What kinds of tilts do I see on adapters? The Novoflex ones are the best, with about 10 um side to side difference. Kipons run a bit higher, at 15 um or so. Say 20 um side to side (10 um center to side) is about as bad as you’d expect to get with quality adapters. At f/4, that would give you a CoC of a bit over 2 um at the corners, assuming you focused in the center. The diameter blur circle of a BSI sensor with no AA filter by with microlenses is about 0.9 times the pitch.
Now a 1 um CoC, being substantially smaller than the pitch of a 40-50 MP FF sensor, isn’t going to be anything to worry about. You can see its effect in the lab, but in the real world, you’d never notice. What amount of blur would you notice? If you were pixel-peeping, you’d certainly notice a CoC on the order of the pixel pitch. Let’s call that 4 um. That means that at f/4 — about as open as you’d ever use if you were going for edge-to-edge sharpness — you’d see a 32 um side-to-side tilt (16 um off on each corner), which I would consider a poor adapter. At f/8, you’d notice a 64 um side-to-side tilt. I have yet to see an adapter anywhere near that bad.

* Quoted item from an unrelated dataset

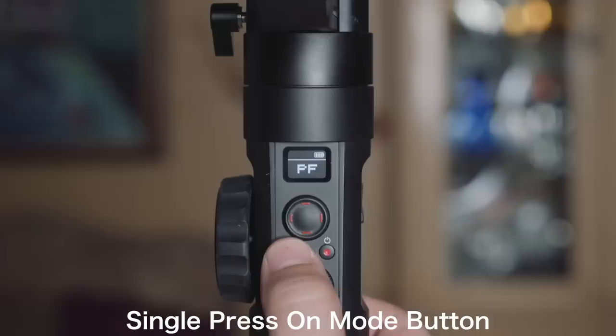That's one of the great features of pan follow — I find it to be the best mode when you're changing elevation, going up or going down. Next, let's talk about lock mode. Lock mode is exactly how it sounds: none of the axes will be following your movement. As you can see here, tilt is locked and so is my pan.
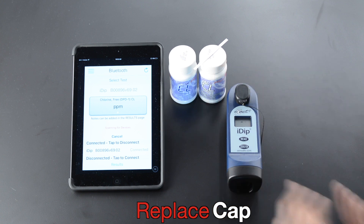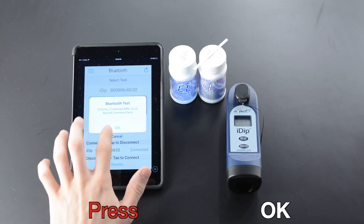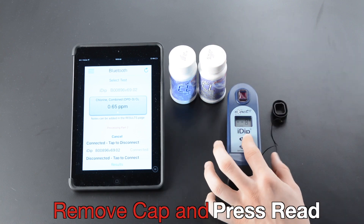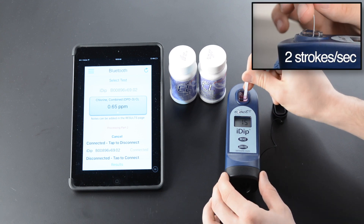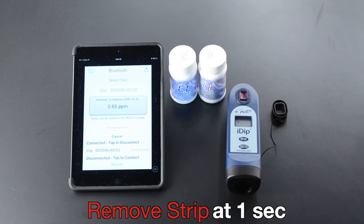Remove strip at one second. Replace cap. Zero XactiDip. Remove cap and press Read. Dip strip. Twenty seconds. Two strokes per second.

When we think about all the sources of lens blur, it is a very rough, but useful way of thinking if you don’t want to convert everything to the frequency domain, that blur circles aggregate as the square root of the sum of their squares, so the largest blur circles tends to dominate (just like with read and photon noise). Once the blur circle from some source, whether it is defocusing or lens aberrations or camera motion or subject motion, gets a fair amount bigger than each of the others, then you can ignore the others. This means if the tilt-induced CoCs are small compared to sensor aperture blur, AA filter blur, camera motion blur, subject motion blur, lens aberration blur, on defocus blur, they are not going to impact image sharpness.
Let’s compare the typical 2 um CoCs and the near-worst case 4 um CoCs that I talked about above with the errors that you see from autofocusing.
The D850 errors are substantially above the kinds of adapter-tilt-generated errors we’re talking about. The Sony a7RIII errors are not.
If we look at the Fuji GFX with a bunch of different lenses, we see errors that are in the same ballpark, but greater than most of the adapter-tilt errors I see.
Even precise, aperture by aperture focus tuning for the D850 doesn’t bring the errors down to what we can expect from adapters.
Another thing to consider is what in the image is going to be affected by tilt. Photographers spend a lot of time managing DOF, but in the end (sometimes after a lot of thought) we usually pick something and focus on it. Even if the adapter has — and the thought makes me shudder — 1 mm of side-to-side tilt, the thing we focus on is going to be just as sharp as the lens can make it, irrespective of that tilt. That’s assuming wi manually focus with live view, or autofocus using CDAF or PDAF on the sensor. We engineers say that the compensation for adapter tilt at that point in the scene is “inside the loop”.
The most precisely made adapters in the market that I have found are rayqual. They not only have the precise length instead of being short but also they have proper baffling and blackening to reduce reflections. The baffling helps to block light reflecting off the gold contacts which can either have a significant effect on the performance of the adapted lens to virtually no effect. Of course they also don’t have tilt issues.